• _WHAT IS REQUIRED_: Print, please, the line that contains "this 1270×952 image." and each line after it to the end of the entries, unchanged and with nothing else.

• _GIVEN RECORDS_:
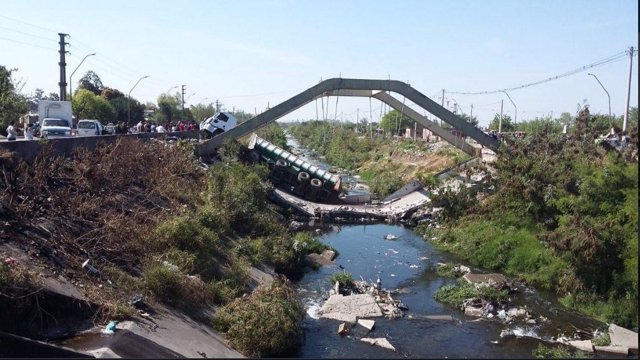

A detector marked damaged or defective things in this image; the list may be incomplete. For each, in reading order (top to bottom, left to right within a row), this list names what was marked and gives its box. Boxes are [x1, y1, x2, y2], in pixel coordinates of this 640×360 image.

overturned tanker truck [248, 134, 342, 204]
broken concrete slab [318, 294, 382, 322]
broken concrete slab [608, 322, 636, 352]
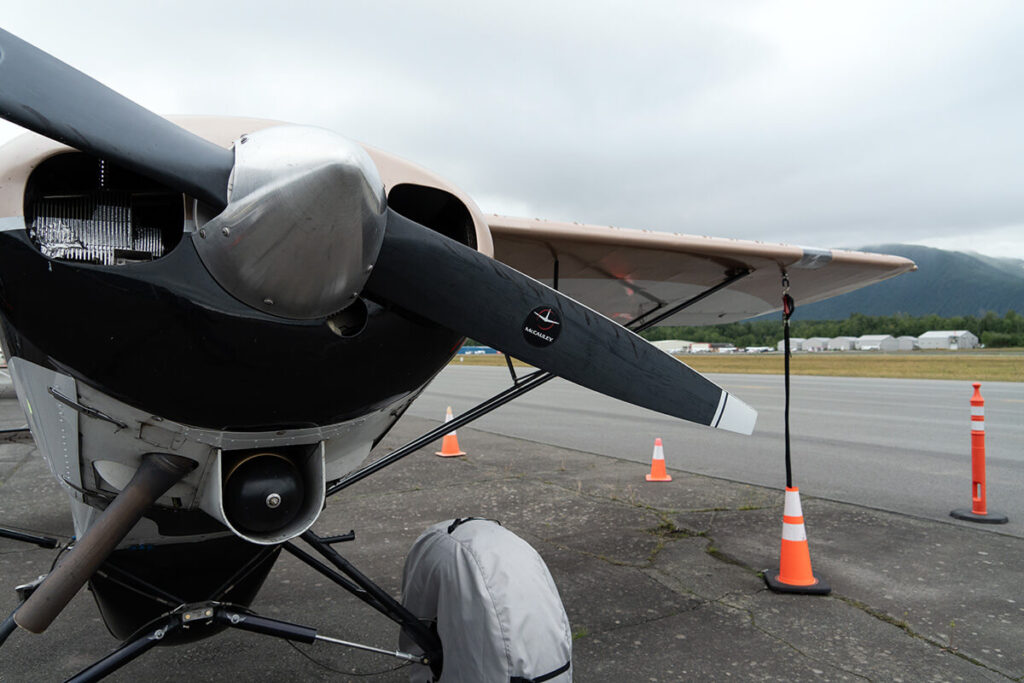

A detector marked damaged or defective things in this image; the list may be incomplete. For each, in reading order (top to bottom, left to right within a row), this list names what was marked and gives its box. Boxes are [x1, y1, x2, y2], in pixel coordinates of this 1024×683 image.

cracked pavement [2, 411, 1024, 679]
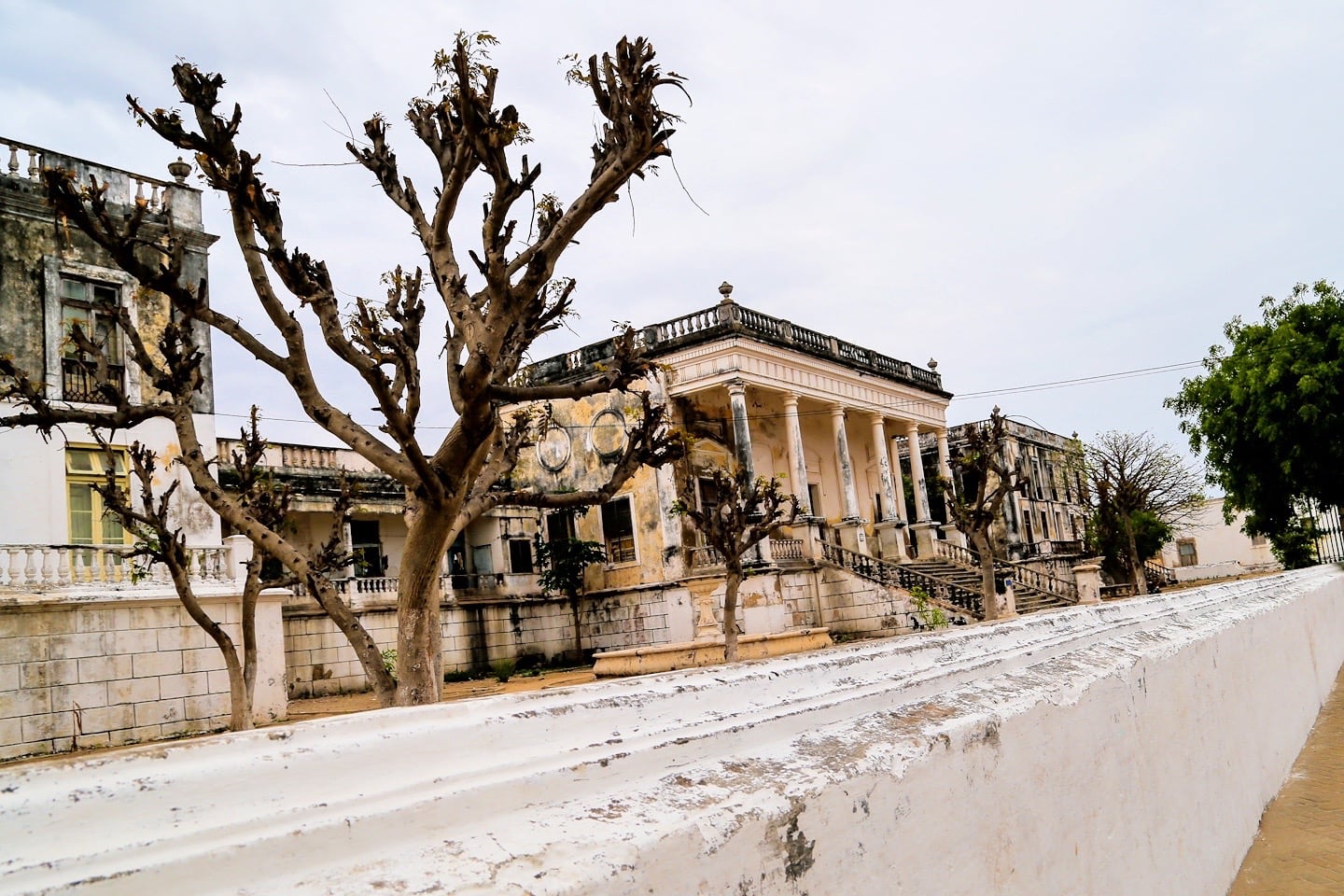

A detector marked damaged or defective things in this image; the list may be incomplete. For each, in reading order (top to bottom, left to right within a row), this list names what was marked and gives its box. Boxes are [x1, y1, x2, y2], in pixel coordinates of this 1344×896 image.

peeling plaster wall [2, 572, 1344, 891]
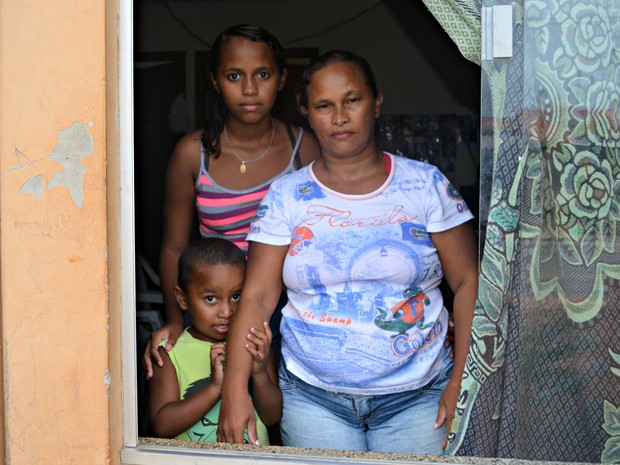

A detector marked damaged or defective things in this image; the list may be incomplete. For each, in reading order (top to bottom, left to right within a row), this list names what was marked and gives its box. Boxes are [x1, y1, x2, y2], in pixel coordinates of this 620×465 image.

peeling paint [19, 121, 94, 207]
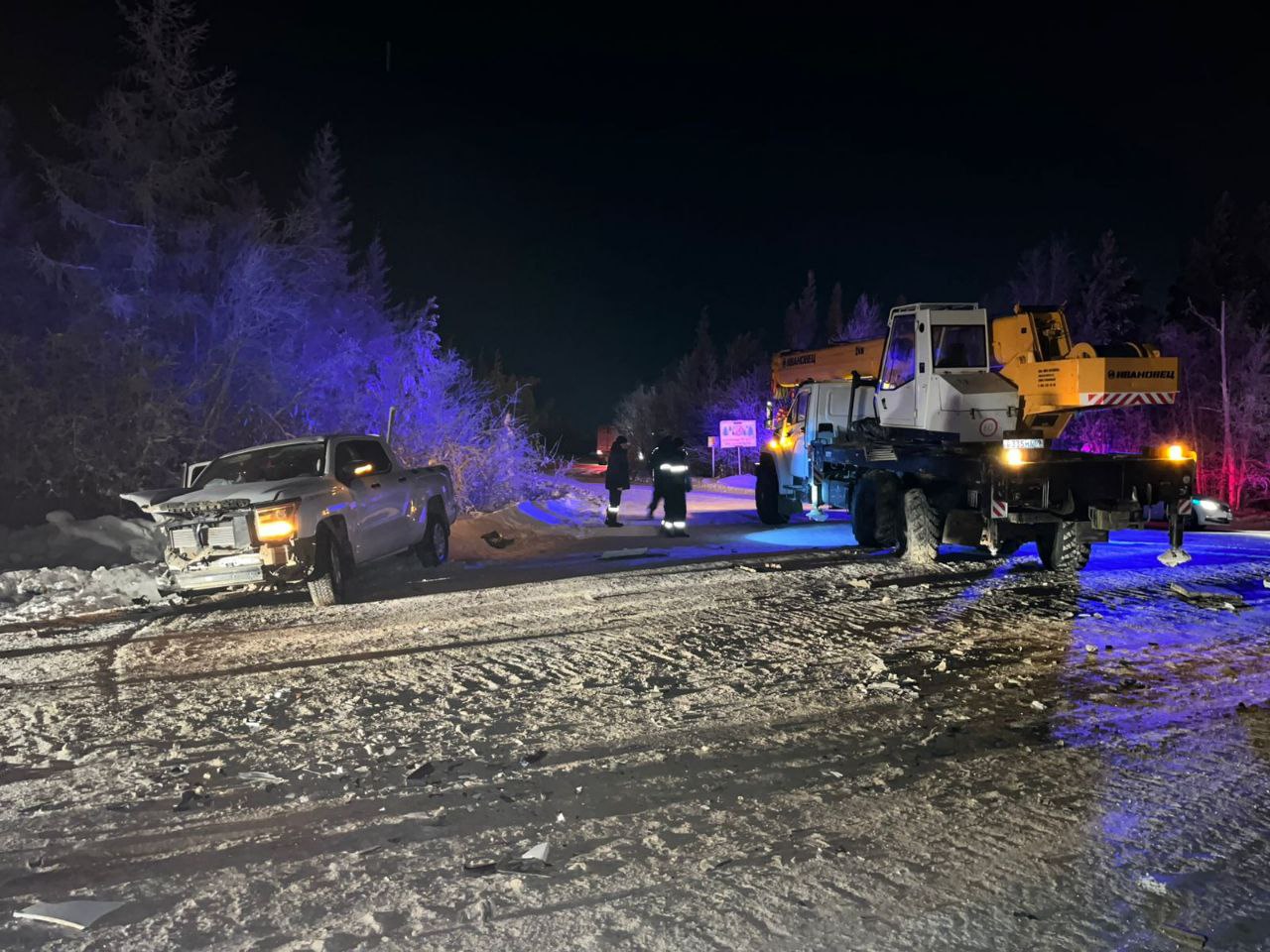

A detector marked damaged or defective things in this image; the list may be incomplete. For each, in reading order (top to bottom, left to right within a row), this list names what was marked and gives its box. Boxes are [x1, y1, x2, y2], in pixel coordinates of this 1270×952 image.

damaged white pickup truck [121, 436, 459, 606]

• _TASK RESPONSE_:
A detector marked damaged or defective things in this image; the list may be incomplete. For each, in reading order (top to bottom, left to right within a row), this list names what was marked and gives its box. Boxes are [x1, y1, x2, y2], in pixel coordinates of this 1270×952 image.

damaged white pickup truck [121, 436, 459, 606]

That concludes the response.